Adella hizo un mohín y se restregó su antebrazo por sus ojos a fin de eliminar las lágrimas. Agradeció a Herr Kesler su apoyo y entró en razón, volviendo a dedicarse plenamente en su labor.

Y como ocurría cada atardecer, al salir de la escuela o del trabajo, muchos jóvenes acudían a merendar a Schokolade Gold. Era el momento del día más intenso para Adella y Pauline.

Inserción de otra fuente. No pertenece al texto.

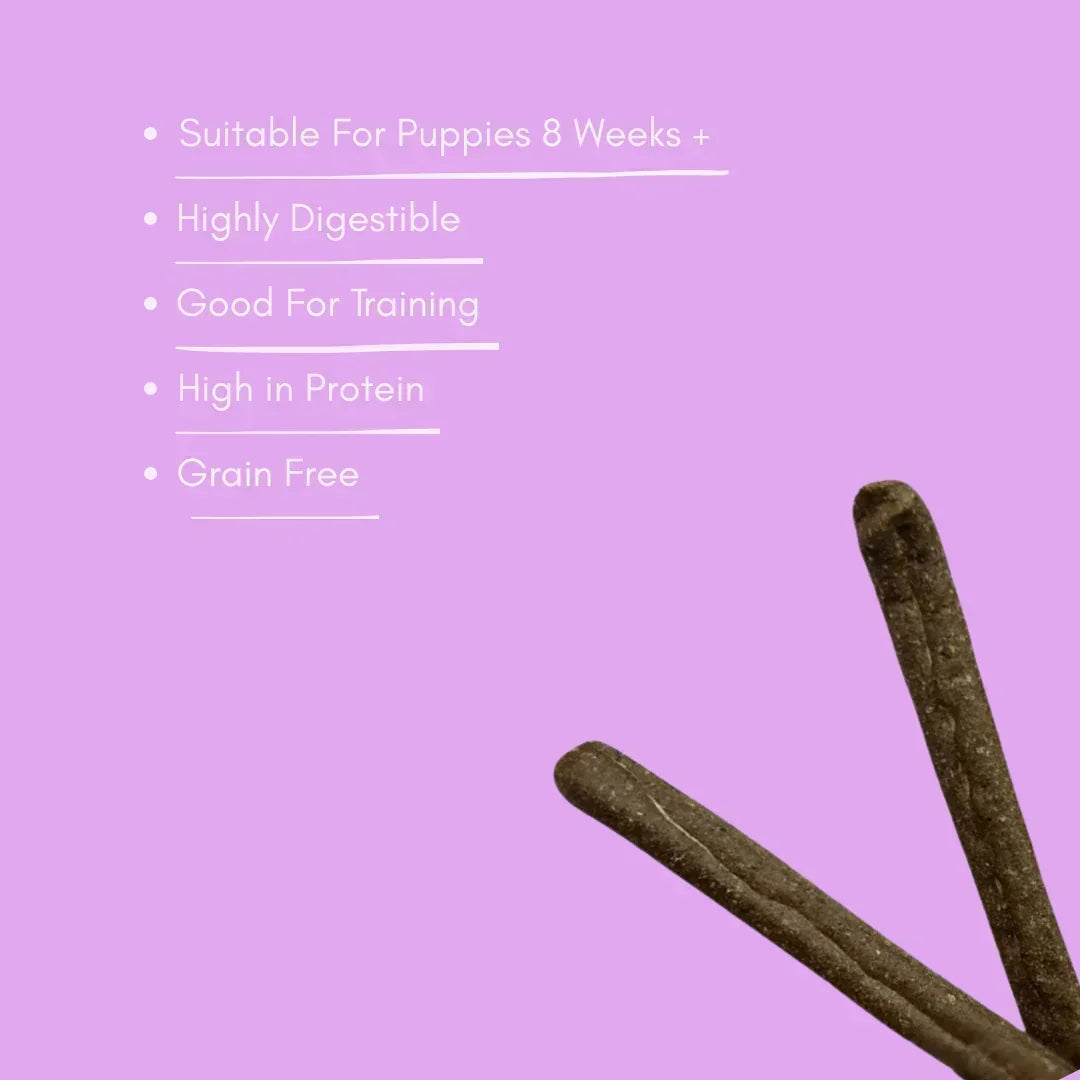 Single protein partridge sausage dog treats on purple background with key benefits listed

Luego, al anochecer, pese al agotamiento, el consuelo de haber cumplido con su trabajo era la gran suma de dinero obtenido.

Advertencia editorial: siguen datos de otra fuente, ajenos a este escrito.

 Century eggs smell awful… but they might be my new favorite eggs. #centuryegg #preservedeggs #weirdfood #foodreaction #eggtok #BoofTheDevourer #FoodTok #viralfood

La rutina era siempre la misma hasta que aquella tarde nublada del jueves 7 de septiembre de 1939, las cosas cambiaron para siempre. Mientras Pauline y Herr Kesler despachaban a una aglomeración de jóvenes adictos al chocolate, Adella, sola y aburrida en la cocina, tuvo una ocurrencia que atrajo a la más peligrosa presencia. Fue una inocentada abrir la ventana, pero bastó para ser lo suficientemente provocativa para llamar al enemigo. Adella tarareaba y derretía más chocolate sin llegar a percatarse de que el aroma escapaba e invadía rápidamente las calles de Hamburgo, atrayendo así a más gente, entre ellos, al SA Hans Lenz, y a un amigo suyo al que acaban de ascender al cuerpo de las SS, un tal Friedrich Kießling.